Pero sobre todo el tatuaje es una resistencia a esas gramáticas sociales de la carne. El tatuado sabe que el dibujo tiene límites: las manos, la cara, las superficies de la sociabilidad laboral no deben marcarse porque esa marca saca al cuerpo del mercado. ¿Y qué deseos podría alguien sostener en relación con un cuerpo que se plantea no como gozoso, sino como el mero soporte de una escritura secreta, de un lenguaje imposible de ser articulado sin pensar en Dios o en el Demonio? Ni laboral ni sexual, ni masculino ni femenino, el cuerpo tatuado es el límite de la clasificación.

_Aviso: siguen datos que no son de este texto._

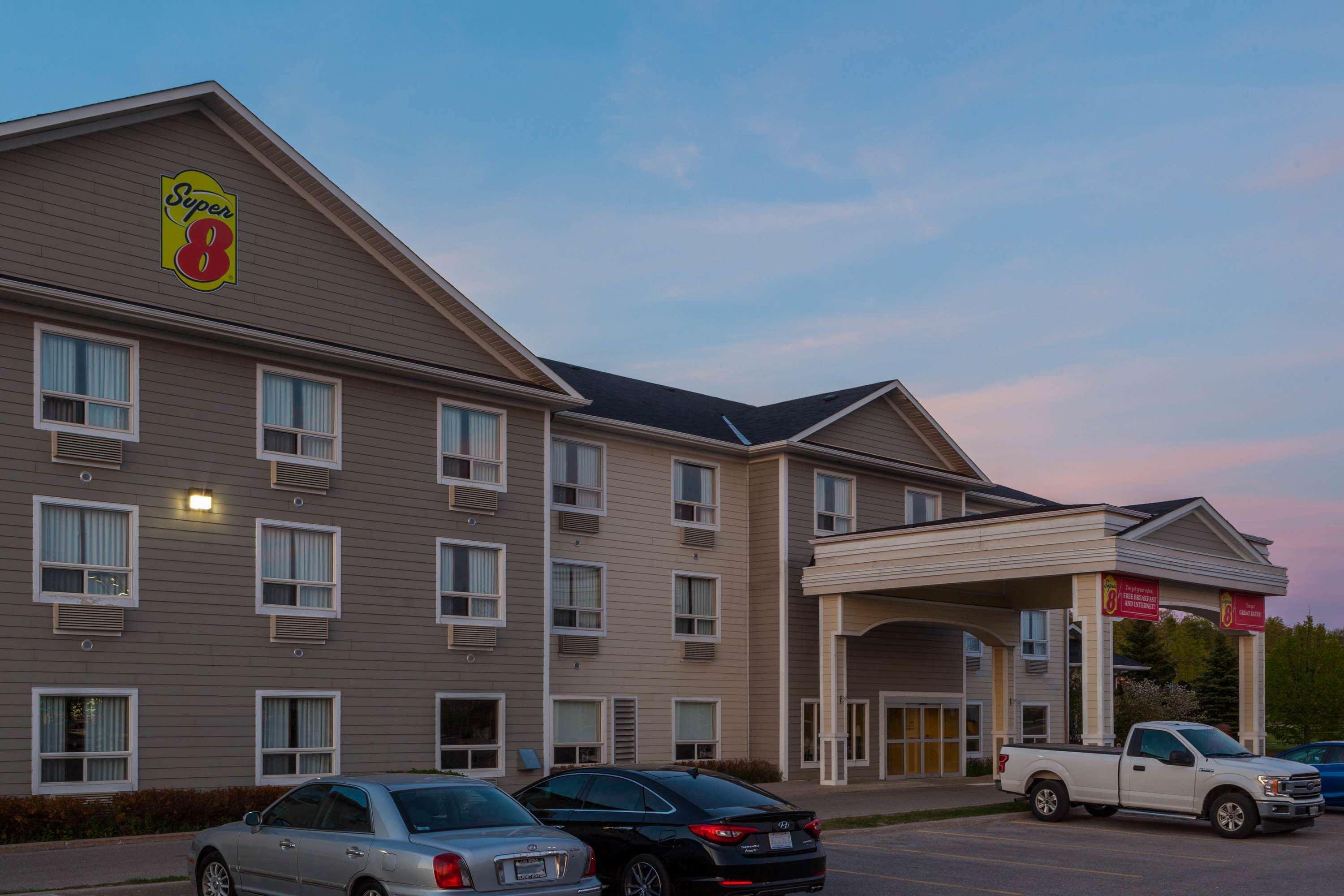 Super 8 By Wyndham Midland Hotell Exteriör bild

Y sin embargo, como todo, el tatuaje también puede ser moda, distinción, la marca pública de un cierto riesgo controlado. Ese expansivo dragón que, en una playa, destella desde un biceps tenso y trabajado. Esa araña minúscula que se desliza dentro de una bikini y cuyo rastro hay que imaginar por todo el cuerpo. Sí, esas pieles permanecen sujetas al trabajo, y también al deseo, y también a la lógica de los signos de la moda. No hay disidencia allí, no hay goce, no hay secretos. Lo único que queda es la distancia irónica y es la distancia lo que vuelve al tatuaje un objeto interesante. En el cuerpo argentino, recuerda a la tortura y la picana. En los cuerpos de los otros, hasta puede ser objeto de codicia: querer comprar la piel tatuada, guardarla, verla como a un cuadro (Escrito en el cuerpo).
Pero el verdadero sentido del tatuaje no es estético, ni económico, ni sexual, porque en definitiva el verdadero tatuado sustrae a la circulación social su piel marcada para siempre: es él y es él doblemente porque es el único que sabe, aún cuando no vea lo que su piel muestra.
Kafka (que odiaba toda marca corporal) inventó una máquina para tatuar, estatal y condenatoria. "En la colonia penitenciaria" cuenta el funcionamiento de ese aparato que graba sobre el cuerpo del condenado la sentencia que él no conoce y que comprende sólo en el momento en que va a morir. El tatuaje es otra cosa: no hay Estado ni hay condenado en la interioridad de la práctica del tatuaje. Es el tatuado, él, consigo mismo. Y es sólo él y para él que se decide el destino de esa piel, como un límite entre dos que no se conocen. Es el tatuado el único que sabe (el dolor y el sentido que ha puesto sobre sí). Y es el tatuaje, como un balbuceo, lo único que queda.
Nosotros, lo dicen ellos, somos extranjeros.